Both Microsoft 365 and G-Suite include their own email filters for spam, phishing and malware. When you deploy an external email gateway, however, you must put them on the server’s “Always Trust” list, disabling these built-in protections. This configuration effectively turns off the built-in layer of protection you have already paid for. 

Why do gateways tell you to disable built-in security?

Every SEG vendor provides detailed instructions on bypassing the native filters in their deployment instructions.

Because they act as a Mail Transfer Agent (MTA), gateways receive every inbound message and then send it along to your real email servers from a single set of IP addresses. 

This breaks most every form of email authentication, verification and reputation that the industry has developed to prevent phishing. Sender Policy Framework (SPF), DomainKey Identified Mail (DKIM) and Domain-based Message Authentication, Reporting and Conformance (DMARC) all fail because, from Microsoft’s or Google’s point of view, your gateway is essentially spoofing every email server in the world. 
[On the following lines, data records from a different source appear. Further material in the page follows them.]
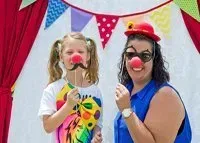 A woman and a little girl are posing for a picture in a clown costume.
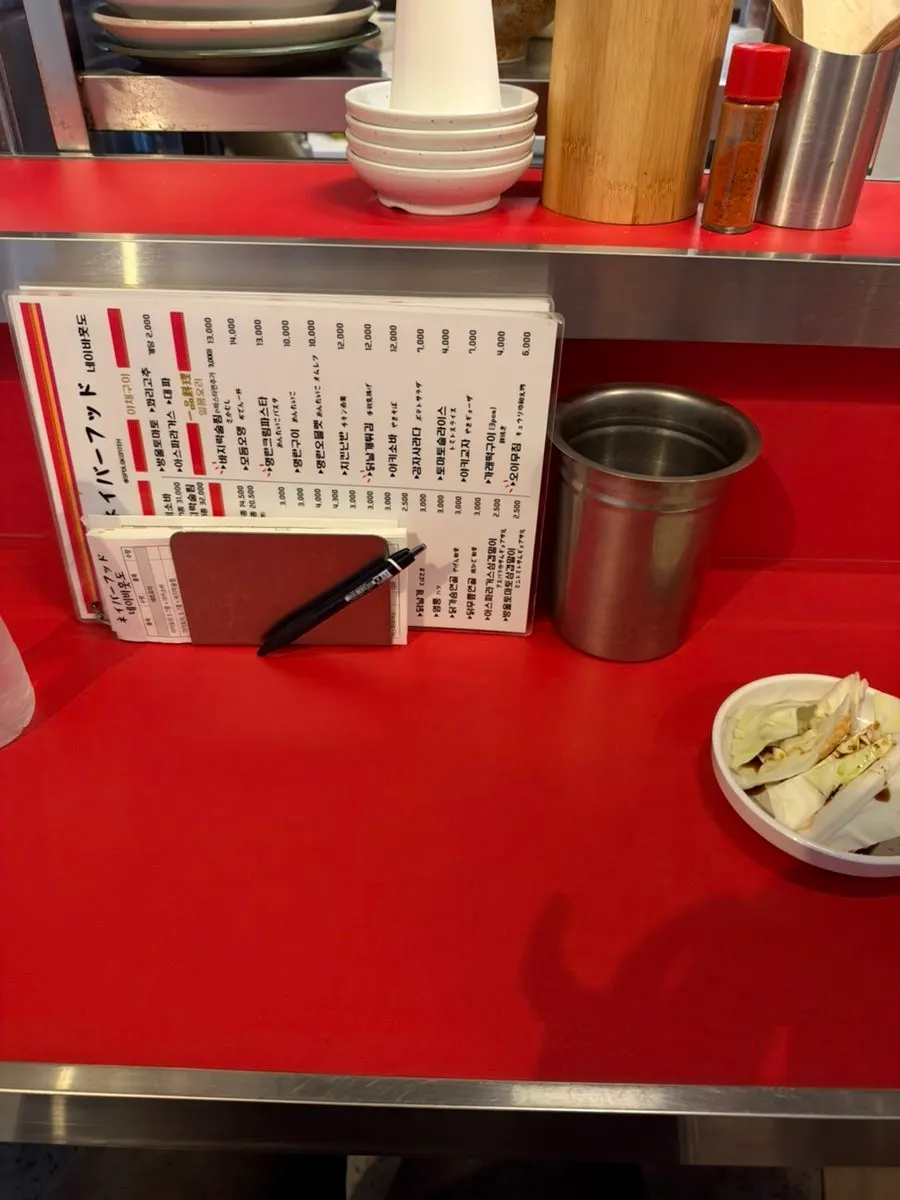 Yakitori being grilled beyond the bar table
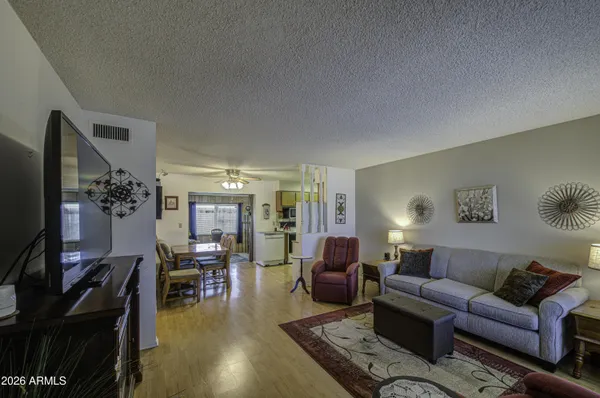 a living room with furniture a dining table and a flat screen tv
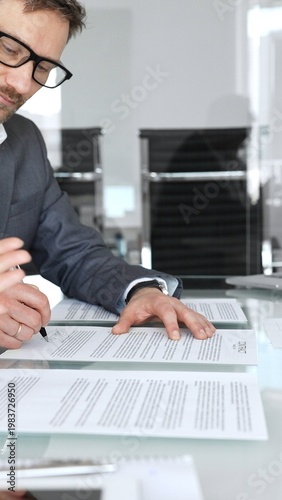 Photography Professional businessman signing a legal contract at a boardroom table during a
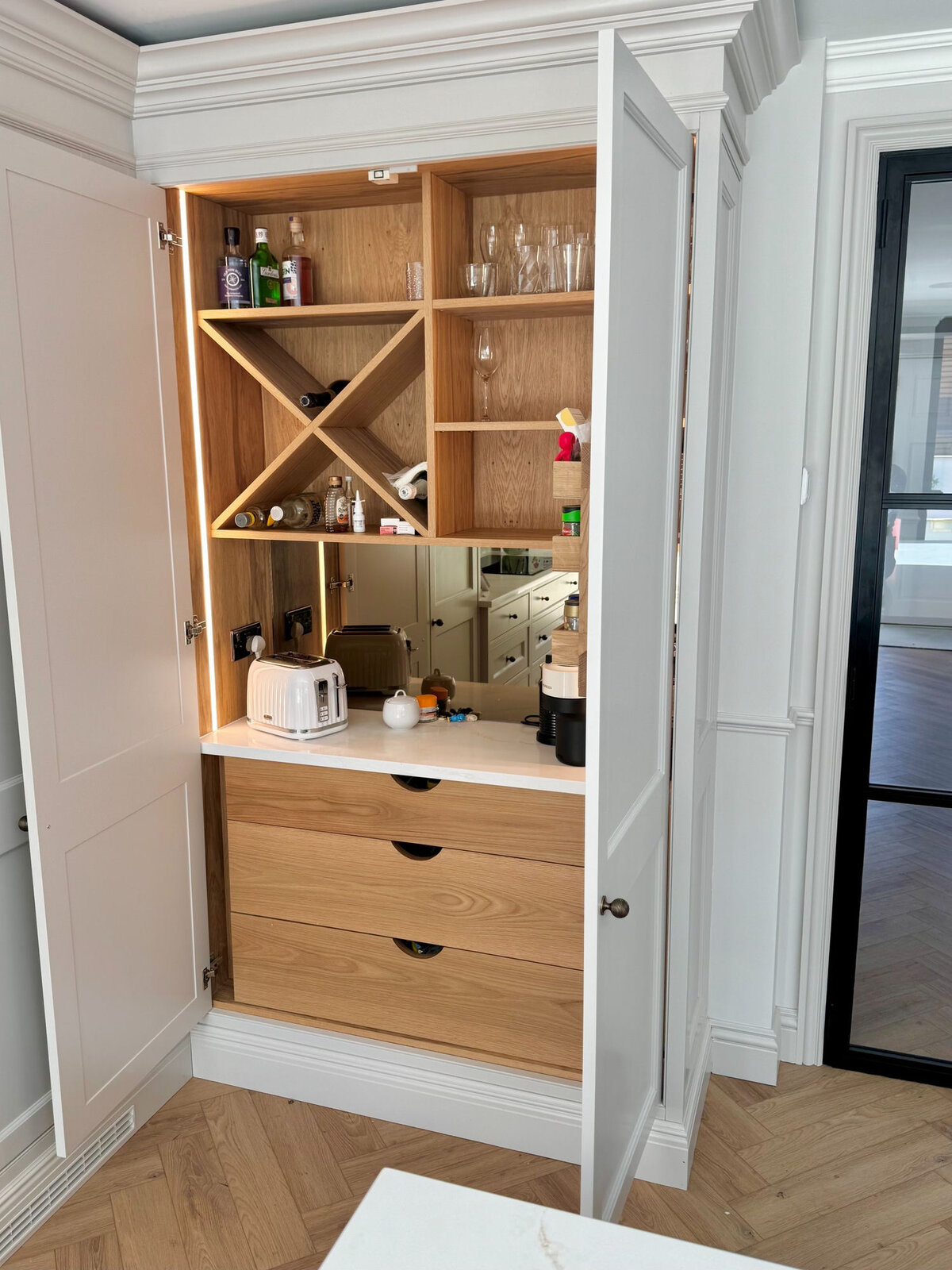 Shaker breakfast and drinks larder with oak wine rack interior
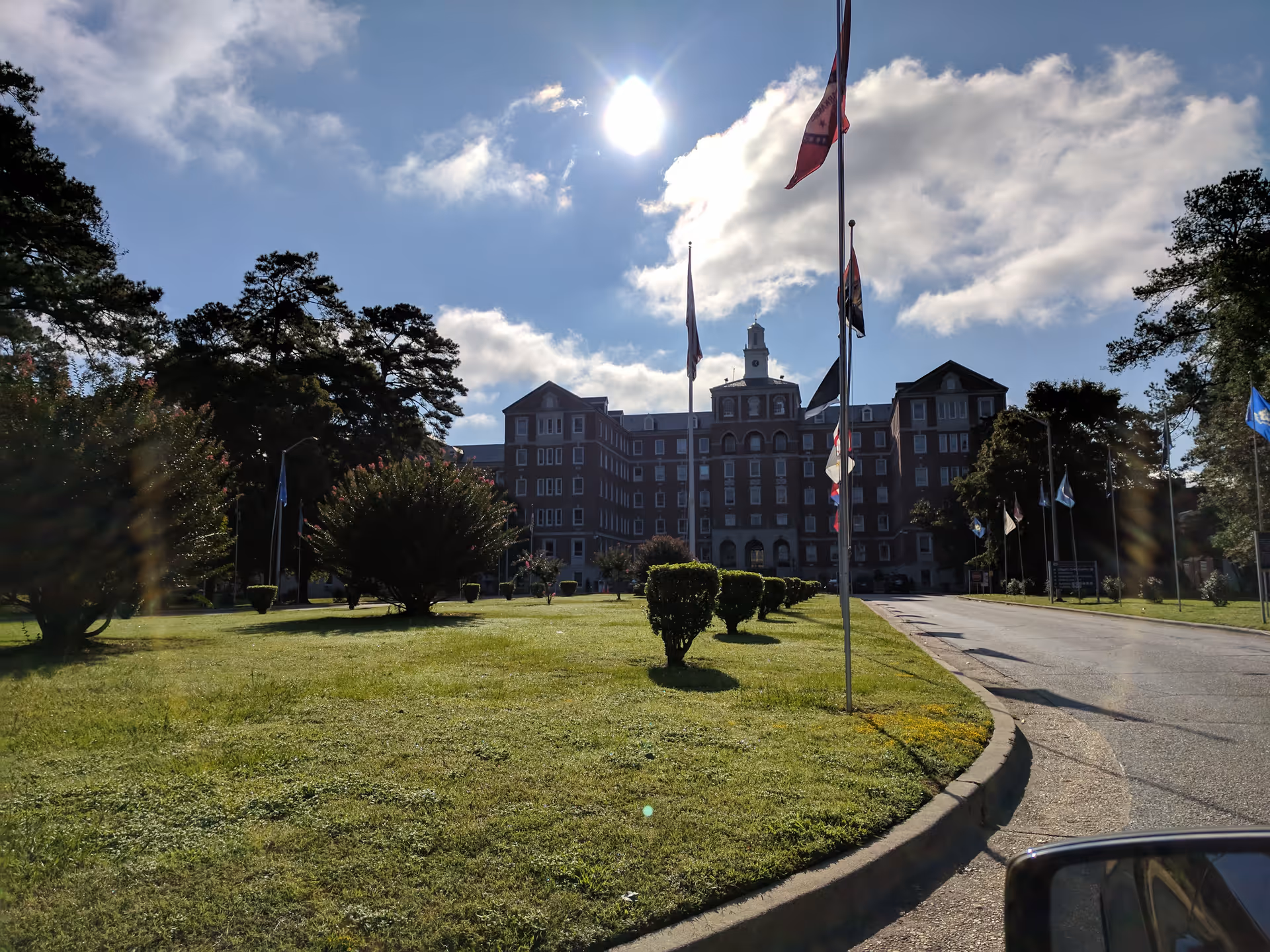 Front view of Fayetteville VA Medical Center with flagpoles, lawn, and blue sky.
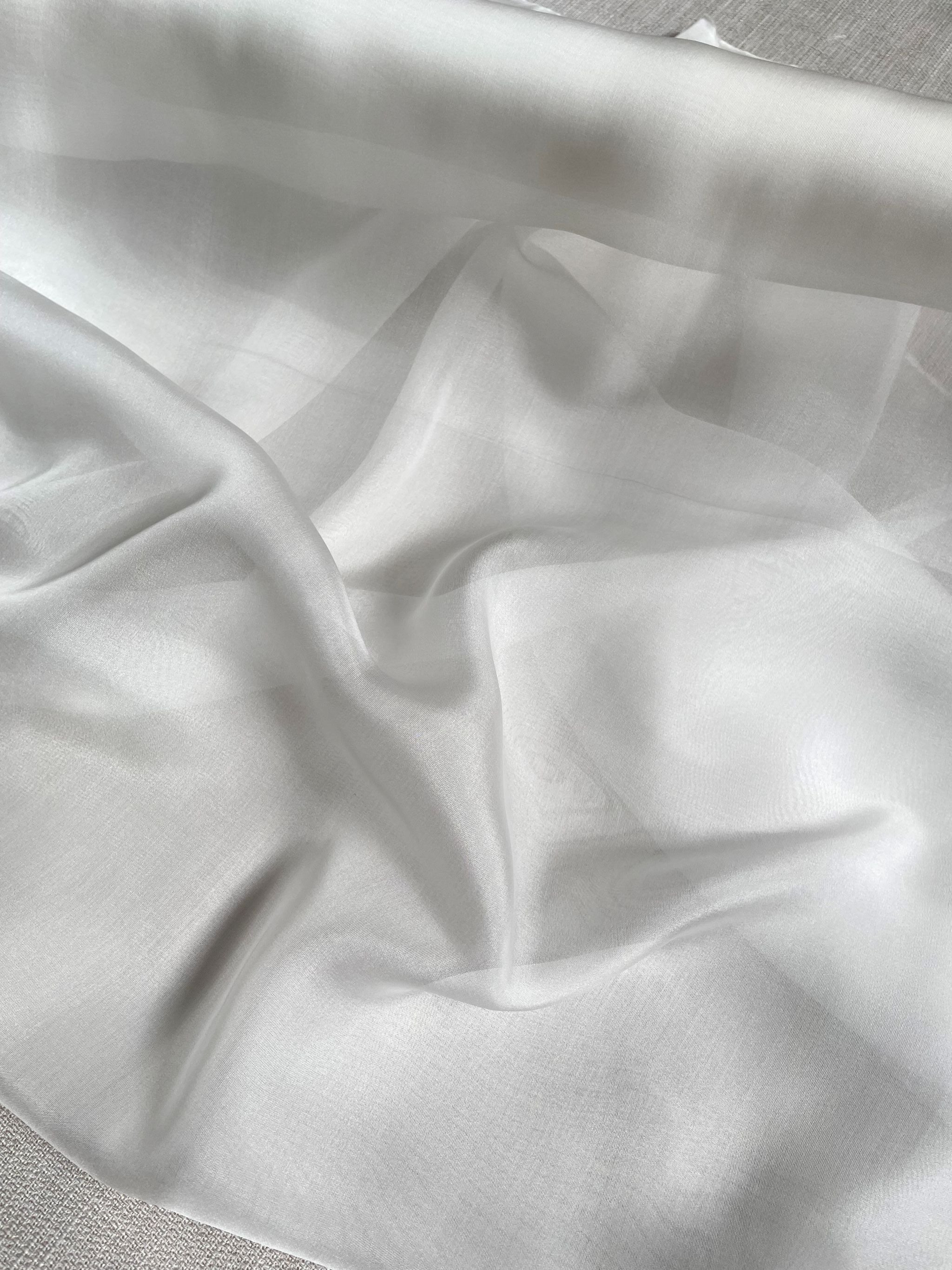 Close-up of undyed silk Chiffon fabric with folds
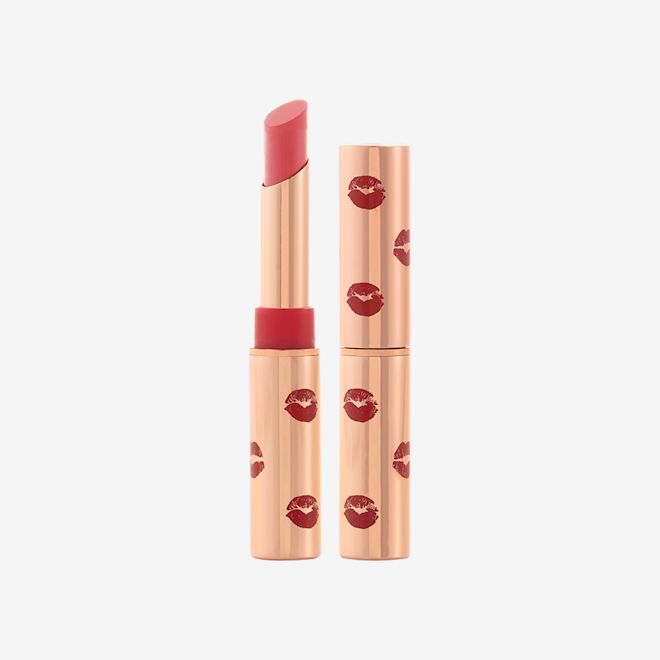 Limitless Lucky Lips in Rose Hope with and without lid Two identical lipsticks, with and without lid, in a neutral rosy-pink colour with a matte finish, in gold-coloured tubes with red-coloured kiss print all over the tube.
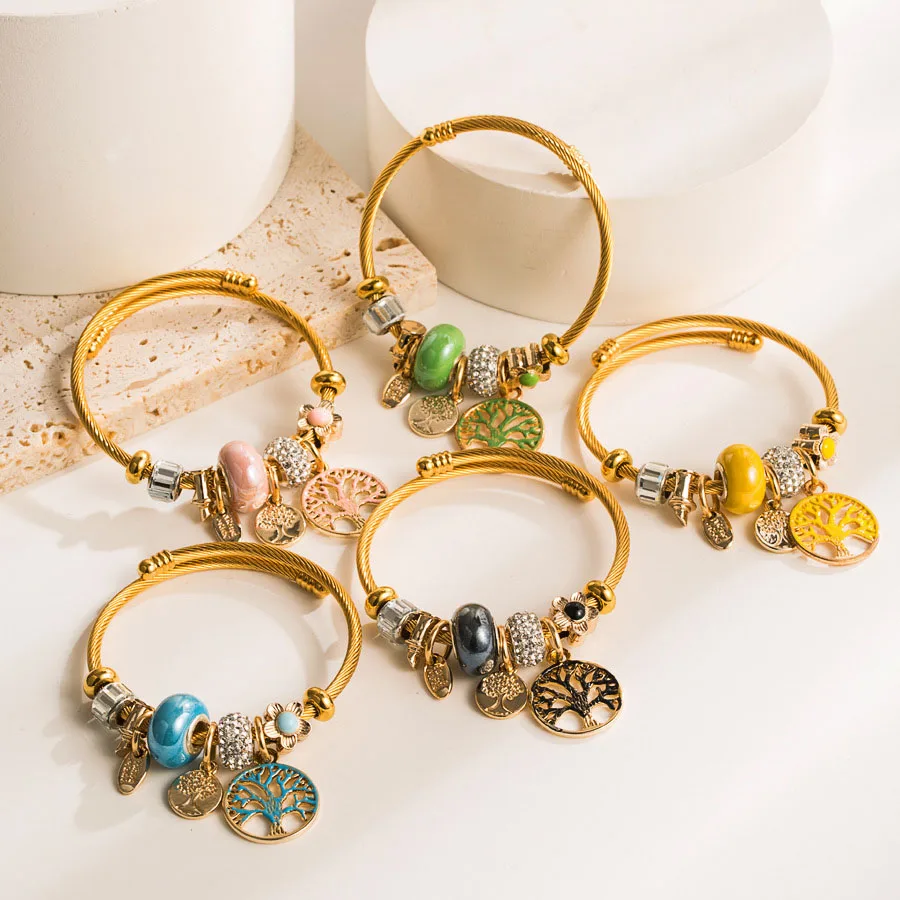 Golden Stainless Steel Charm Banglets for Girls Tree of Life Lucky Hanging Bracelets Jewelry Suitable for Holiday Gifts
Golden Stainless Steel Charm Banglets for Girls Tree of Life Lucky Hanging Bracelets Jewelry Suitable for Holiday Gifts
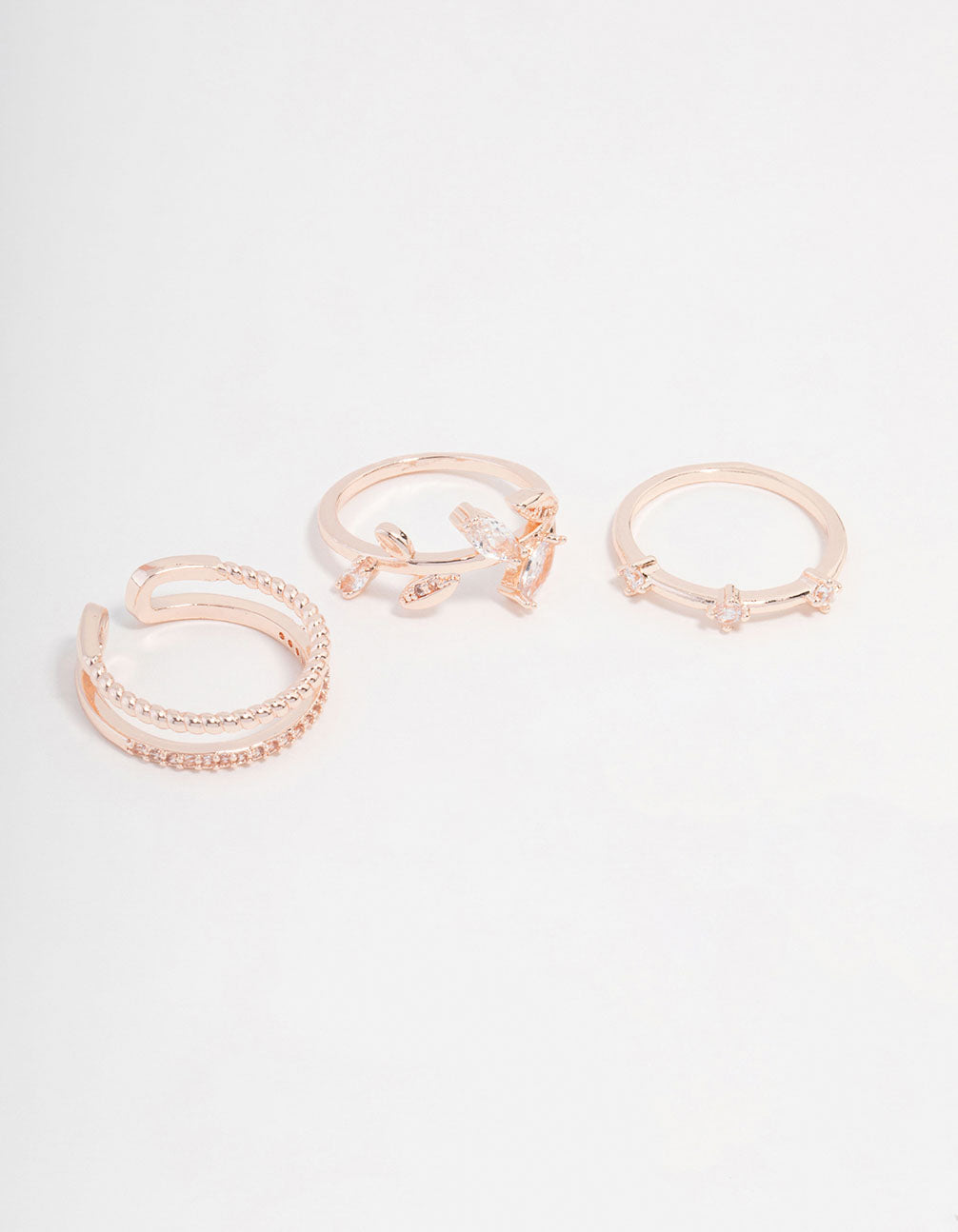 Beautifully crafted set of rose gold plated cubic zirconia leafy station rings front view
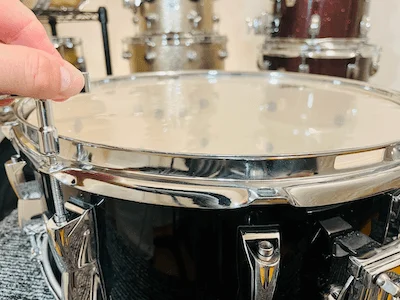 removing tension rods from snare drum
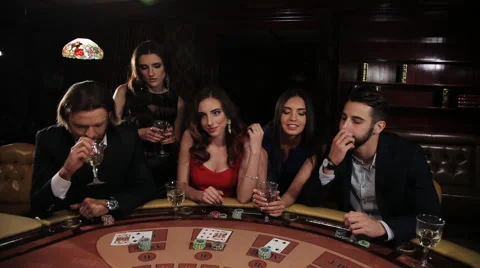 Luckiest girl in the red dress is Winning Money in the Casino Stock Footage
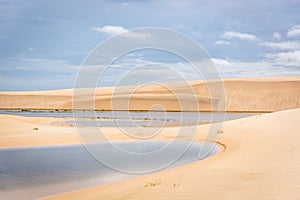 The colorful vast desert landscape of tall, white sand dunes and seasonal rainwater lagoons in a cloudy day at the LenÃ§Ã³is Maran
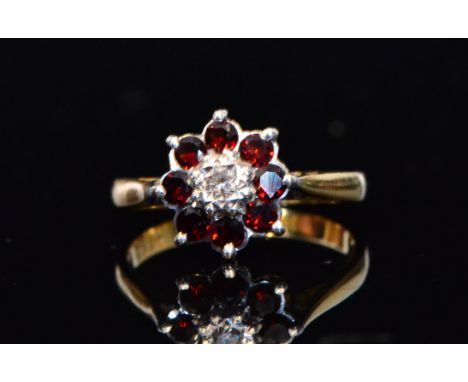 An 18ct garnet and diamond cluster ring, central illusion set diamond within an eight stone garnet surround, ring size K. 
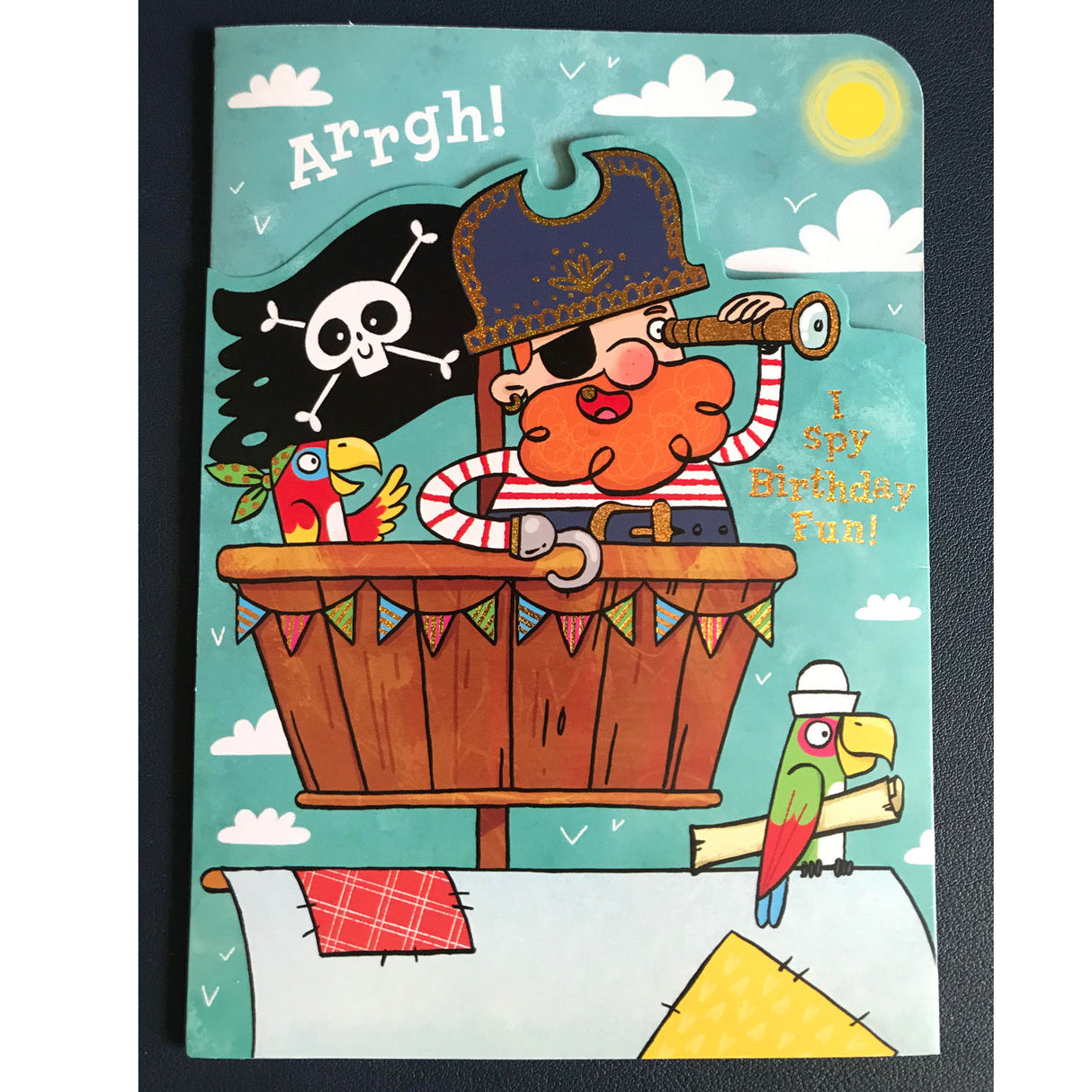 Pirate Birthday Foldout Card with a pirate and parrots aboard a ship, glitter accents, and "I Spy Birthday Fun!" text.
If you did not disable the built-in Google or Microsoft protection, every single one of your inbound emails would fail authentication and be sent to the junk folder. 



 

This is the fundamental and inherent flaw in the gateway architecture.

What’s the harm of disabling native protection? 

Industry best practices promote defense-in-depth, layered security with the assumption that at some point, a single layer will fail. By implementing several independent layers, the likelihood of an attack coming through drops dramatically. 

This is even more important when attackers know your first line of defense. For external gateways, it is a matter of a simple DNS MX lookup. 

 

Your choice of email gateway is not a secret.

 

One of the ironies of deploying an external gateway is that it may result in less security than having no external gateway at all. In a recent report, we demonstrated an attack that Microsoft knew to block as a malicious email but because the Secure Email Gateway was added to its Trusted Sender list, the attack got through. 

Here is the header from an email that would have been caught by Microsoft had it not been disabled.

 

 

What will your vendor tell you? 

This problem is inherent to the gateway architecture.

Many of these gateways are starting to offer email security via API, which is what Avanan does. Avanan pioneered this a number of years ago, and was routinely dismissed by the gateway players. Now, these gateways have realized the advantages of deploying via API. However, as Gartner has noted, there is nothing inherently different about these offerings than what is on the market, because they are still unable to get around Avanan's patent, which allows it to automatically deploy inline, before the inbox. 

The gateways may tell you that one layer of security is enough, but this does not consider:

  • The fundamental tenet of Defense-in-Depth security is multiple layers of protection.
  • While Microsoft and Google have their own vulnerabilities, it is better to augment them than disable them altogether.
  • You have already paid for Microsoft and Google’s filters.

It's no wonder, then, that the gateways are trying to figure out new ways of securing email.